Short web captions
=-=-=

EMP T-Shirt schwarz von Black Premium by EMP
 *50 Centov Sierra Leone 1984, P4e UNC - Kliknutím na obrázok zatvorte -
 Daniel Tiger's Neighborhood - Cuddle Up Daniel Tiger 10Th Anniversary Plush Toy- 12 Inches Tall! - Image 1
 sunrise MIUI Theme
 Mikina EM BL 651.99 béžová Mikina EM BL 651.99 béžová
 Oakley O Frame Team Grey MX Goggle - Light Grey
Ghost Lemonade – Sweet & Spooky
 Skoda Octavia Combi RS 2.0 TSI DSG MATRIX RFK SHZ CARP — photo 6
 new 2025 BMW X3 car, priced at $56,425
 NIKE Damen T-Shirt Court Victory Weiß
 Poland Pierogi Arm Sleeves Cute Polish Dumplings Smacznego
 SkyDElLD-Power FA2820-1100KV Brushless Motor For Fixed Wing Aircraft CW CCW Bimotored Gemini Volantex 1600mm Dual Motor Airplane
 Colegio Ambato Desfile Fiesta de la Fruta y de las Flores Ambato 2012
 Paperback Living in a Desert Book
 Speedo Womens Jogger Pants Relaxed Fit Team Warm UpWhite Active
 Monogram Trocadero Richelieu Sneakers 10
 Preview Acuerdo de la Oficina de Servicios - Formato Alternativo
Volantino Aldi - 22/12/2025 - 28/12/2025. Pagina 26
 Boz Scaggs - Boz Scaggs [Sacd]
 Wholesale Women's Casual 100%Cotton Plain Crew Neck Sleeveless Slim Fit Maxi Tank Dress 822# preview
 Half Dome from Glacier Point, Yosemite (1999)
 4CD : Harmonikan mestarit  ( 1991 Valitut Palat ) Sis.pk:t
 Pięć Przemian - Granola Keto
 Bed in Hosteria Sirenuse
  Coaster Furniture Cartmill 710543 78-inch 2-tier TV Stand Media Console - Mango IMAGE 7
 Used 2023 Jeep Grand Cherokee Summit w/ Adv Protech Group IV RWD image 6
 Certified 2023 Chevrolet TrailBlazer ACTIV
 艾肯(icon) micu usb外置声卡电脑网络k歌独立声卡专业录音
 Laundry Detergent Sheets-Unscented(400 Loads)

=-=-=

# TASK GOAL:
What do the lines above say from the one containing "Ghost Lemonade – Sweet & Spooky" down to the one containing "Poland Pierogi Arm"? Return them exactly, both end lines included, and only them.

# ANSWER SECTION:
Ghost Lemonade – Sweet & Spooky
 Skoda Octavia Combi RS 2.0 TSI DSG MATRIX RFK SHZ CARP — photo 6
 new 2025 BMW X3 car, priced at $56,425
 NIKE Damen T-Shirt Court Victory Weiß
 Poland Pierogi Arm Sleeves Cute Polish Dumplings Smacznego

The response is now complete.